Jefferson County Oklahoma Cooperative Extension Service through Oklahoma State University offers researched-based programs and information.  We assist with mailing and interpreting Soil Samples, Forage Samples, and some Water Samples.  If you have questions about plant diseases or why are your trees’ foliage falling off, or any other Agriculture, 4-H or Family and Consumer Sciences questions, call 580-228-2332 or come to 802 East D’ Street (Jefferson County Fairgrounds) and visit with Leland McDaniel, Extension Educator, Agriculture/ 4/H Youth Development and Tara Brown, Extension Educator, Family and Consumer Sciences/4-H Youth Development. 

Online 4-H Enrollment 2018-2019 began September 1, 2018.  If you know of a student age 8 and in the 3rd grade or older who is interested in joining 4-H, contact our office for instructions how to enroll online.  All students who are planning to show livestock in the Spring Livestock show must be actively enrolled in 4-H or FFA (By the way, a member may enroll in 4-H and also be a FFA member).

Tackle tailgates with Food Safety

Football season is here, and many fans are holding tailgates to cheer on their favorite teams. Oklahoma State University’s Robert M. Kerr Food & Agricultural Products Center wants to keep your food safe and recommends food safety tips for those participating in tailgating activities. 
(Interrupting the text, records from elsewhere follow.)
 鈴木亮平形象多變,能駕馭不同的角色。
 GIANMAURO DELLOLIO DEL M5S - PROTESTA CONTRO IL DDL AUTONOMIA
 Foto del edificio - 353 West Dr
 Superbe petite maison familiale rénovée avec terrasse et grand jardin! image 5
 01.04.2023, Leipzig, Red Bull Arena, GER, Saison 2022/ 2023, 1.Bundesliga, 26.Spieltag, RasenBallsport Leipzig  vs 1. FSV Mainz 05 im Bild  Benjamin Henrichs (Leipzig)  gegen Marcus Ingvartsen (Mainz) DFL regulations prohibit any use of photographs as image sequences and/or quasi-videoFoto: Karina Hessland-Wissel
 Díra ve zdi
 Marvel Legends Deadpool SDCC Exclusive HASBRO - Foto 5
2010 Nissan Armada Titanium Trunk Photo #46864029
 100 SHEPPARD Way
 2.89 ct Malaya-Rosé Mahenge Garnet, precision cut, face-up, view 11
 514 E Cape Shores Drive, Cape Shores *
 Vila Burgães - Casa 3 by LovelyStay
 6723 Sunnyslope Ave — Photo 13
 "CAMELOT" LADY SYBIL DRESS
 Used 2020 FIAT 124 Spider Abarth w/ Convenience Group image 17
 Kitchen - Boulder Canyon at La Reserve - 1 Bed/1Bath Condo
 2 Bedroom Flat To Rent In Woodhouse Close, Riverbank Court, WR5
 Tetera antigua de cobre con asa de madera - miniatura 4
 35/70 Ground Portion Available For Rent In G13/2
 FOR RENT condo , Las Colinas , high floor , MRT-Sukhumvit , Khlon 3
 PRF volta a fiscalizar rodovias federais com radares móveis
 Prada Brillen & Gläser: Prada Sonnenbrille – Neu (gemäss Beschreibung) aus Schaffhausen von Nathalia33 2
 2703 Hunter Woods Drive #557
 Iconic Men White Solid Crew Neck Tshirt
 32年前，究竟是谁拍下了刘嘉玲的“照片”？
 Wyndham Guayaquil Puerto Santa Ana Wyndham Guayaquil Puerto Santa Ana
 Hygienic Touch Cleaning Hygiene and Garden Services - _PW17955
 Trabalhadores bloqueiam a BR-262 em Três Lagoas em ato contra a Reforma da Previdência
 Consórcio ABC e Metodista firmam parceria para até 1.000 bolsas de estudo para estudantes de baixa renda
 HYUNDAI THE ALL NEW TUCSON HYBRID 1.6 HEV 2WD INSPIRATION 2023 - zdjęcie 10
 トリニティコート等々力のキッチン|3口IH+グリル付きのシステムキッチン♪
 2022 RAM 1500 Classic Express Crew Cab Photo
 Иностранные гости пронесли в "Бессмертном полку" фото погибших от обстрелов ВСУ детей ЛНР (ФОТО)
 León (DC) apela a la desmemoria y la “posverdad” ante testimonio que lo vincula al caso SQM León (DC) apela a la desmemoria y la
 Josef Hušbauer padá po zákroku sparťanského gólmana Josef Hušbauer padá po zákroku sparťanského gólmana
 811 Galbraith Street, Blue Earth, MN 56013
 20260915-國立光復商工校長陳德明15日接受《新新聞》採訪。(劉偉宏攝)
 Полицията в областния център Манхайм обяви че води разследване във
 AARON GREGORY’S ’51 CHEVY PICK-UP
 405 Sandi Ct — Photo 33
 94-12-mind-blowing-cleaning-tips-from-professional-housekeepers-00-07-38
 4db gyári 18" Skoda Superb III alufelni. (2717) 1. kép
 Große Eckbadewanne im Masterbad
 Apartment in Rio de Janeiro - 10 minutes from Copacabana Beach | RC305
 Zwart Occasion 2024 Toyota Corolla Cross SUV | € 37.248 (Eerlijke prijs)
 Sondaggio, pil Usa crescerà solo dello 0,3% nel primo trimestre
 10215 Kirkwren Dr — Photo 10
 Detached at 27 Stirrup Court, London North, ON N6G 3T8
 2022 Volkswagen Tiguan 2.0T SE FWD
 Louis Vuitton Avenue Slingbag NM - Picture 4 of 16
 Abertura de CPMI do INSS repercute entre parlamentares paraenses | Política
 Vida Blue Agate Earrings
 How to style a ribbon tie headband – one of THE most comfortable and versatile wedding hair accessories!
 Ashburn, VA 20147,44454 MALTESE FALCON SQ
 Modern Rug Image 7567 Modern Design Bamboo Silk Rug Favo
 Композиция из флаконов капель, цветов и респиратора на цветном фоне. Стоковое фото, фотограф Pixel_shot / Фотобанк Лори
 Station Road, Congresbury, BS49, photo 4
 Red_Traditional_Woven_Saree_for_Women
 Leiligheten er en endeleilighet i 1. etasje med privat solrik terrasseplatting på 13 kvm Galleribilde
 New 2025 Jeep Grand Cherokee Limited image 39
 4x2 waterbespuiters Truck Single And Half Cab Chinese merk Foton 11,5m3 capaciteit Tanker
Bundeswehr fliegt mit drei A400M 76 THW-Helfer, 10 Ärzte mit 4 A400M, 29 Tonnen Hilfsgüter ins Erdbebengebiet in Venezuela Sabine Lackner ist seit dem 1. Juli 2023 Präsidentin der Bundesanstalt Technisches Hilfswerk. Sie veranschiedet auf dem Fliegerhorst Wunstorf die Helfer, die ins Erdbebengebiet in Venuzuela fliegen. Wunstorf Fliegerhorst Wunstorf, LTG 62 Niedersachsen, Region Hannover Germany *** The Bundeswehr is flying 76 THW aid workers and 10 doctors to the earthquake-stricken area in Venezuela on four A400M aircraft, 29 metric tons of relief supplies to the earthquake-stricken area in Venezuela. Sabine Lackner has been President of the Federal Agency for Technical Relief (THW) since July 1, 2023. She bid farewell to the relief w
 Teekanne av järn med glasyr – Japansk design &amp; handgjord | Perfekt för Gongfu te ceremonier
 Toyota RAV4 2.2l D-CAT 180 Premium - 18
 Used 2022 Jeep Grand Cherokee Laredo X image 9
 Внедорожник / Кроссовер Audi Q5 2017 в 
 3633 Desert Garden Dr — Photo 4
“Roughly one out of six people get sick from foodborne illness,” said Ravi Jadeja, FAPC food safety specialist. “Following simple food safety procedures and reducing foodborne illness can keep many people from getting sick. With tailgating season upon us, it is important to remember proper food handling and cooking techniques so your tailgate does not sideline your guests.” 

Follow these tailgating food safety tips to ensure you have a fun and safe football season. 

Storing Perishable Foods

• Pack cooler with ice or frozen gel packs.

• Raw meats, pre-made dishes and leftovers need to go in the cooler.

• Store meats near the bottom of the cooler.

• Separate and securely wrap all cooler items.

Food Preparation 

• Use separate plates and cutting boards for raw and cooked proteins.

• Prevent cross-contamination by using separate utensils for each item.

• Use color-coded knives to help keep you organized.

• Wash utensils between uses.

Preparing the Grill

• Pre-heat gas or electric grills for 10-15 minutes before cooking.

• Pre-heat charcoals for 20-30 minutes before cooking.

• Pre-heating allows food to cook evenly.

• Never partially grill foods and then finish later.

Grilling Safety

• A food thermometer is the only reliable way to ensure food is safe to eat.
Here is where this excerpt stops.